PROBLEM REQUIREMENTS:
Take the line that contains "Everlast Capri Leggings" and each line after it to the end of the material below, and return them exactly, minus the pictures.

SUPPLIED DATA:
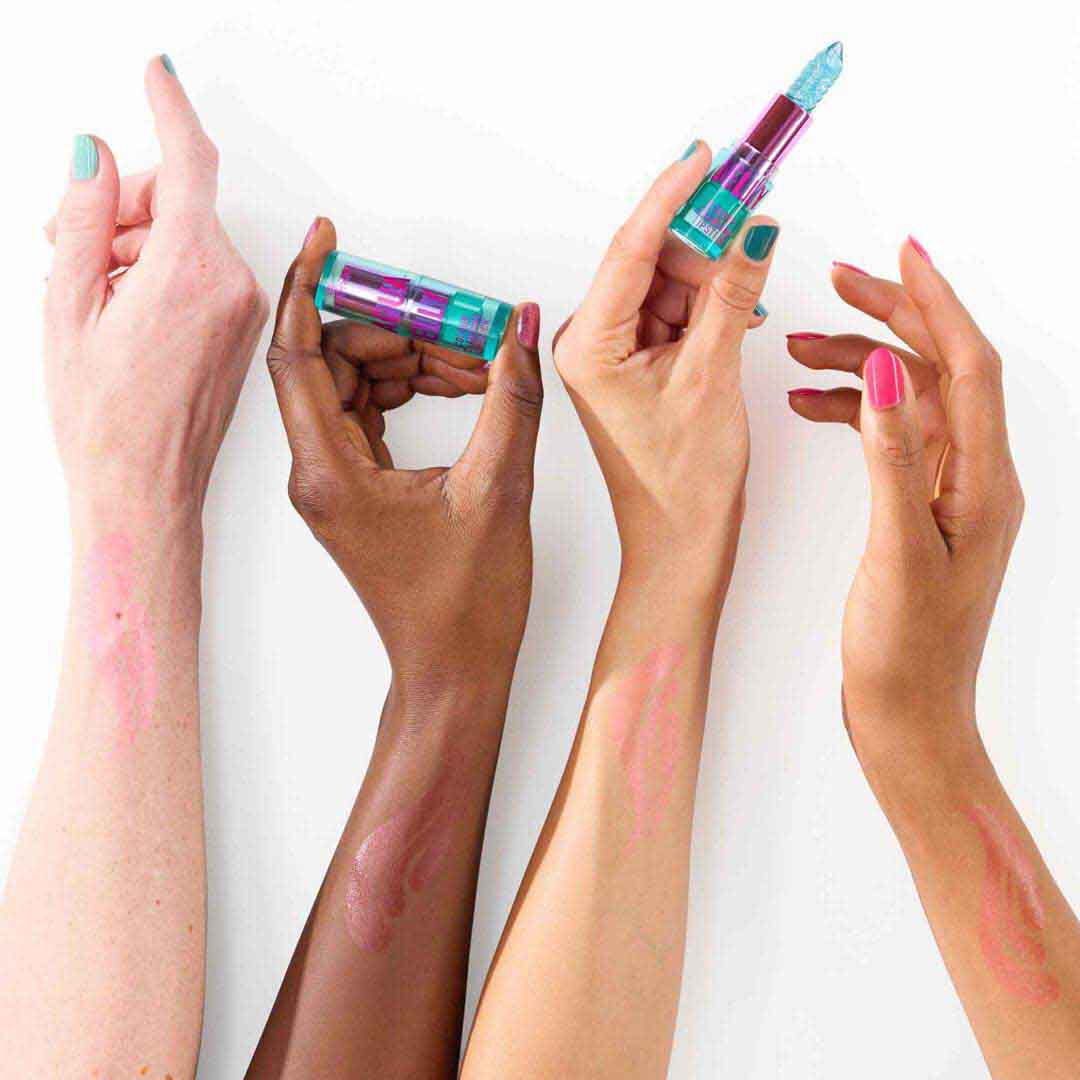 ESSENCE  Batom Muda de Cor Aqua Jelly - 2,8gr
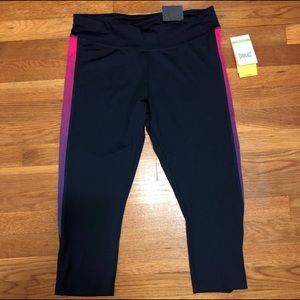 *SOLD* Everlast Capri Leggings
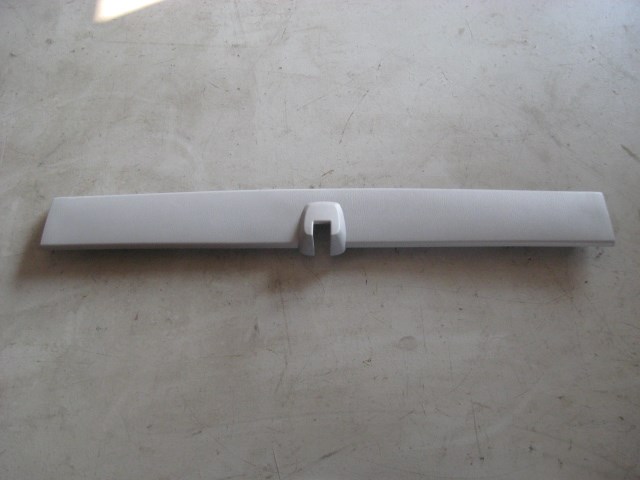 04 Subaru IMPREZA Rear Trim Piece 94016FE000 R8735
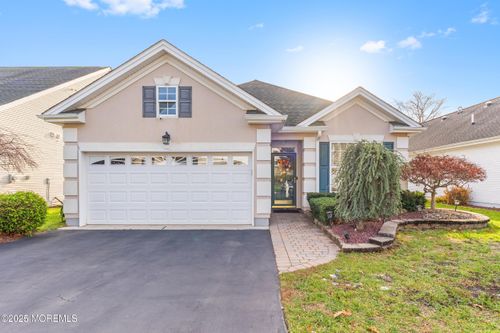 43 Marlow Dr, Jackson, NJ, 08527-4680 | Card Image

EXERCISE SOLUTION:
 *SOLD* Everlast Capri Leggings
 04 Subaru IMPREZA Rear Trim Piece 94016FE000 R8735
 43 Marlow Dr, Jackson, NJ, 08527-4680 | Card Image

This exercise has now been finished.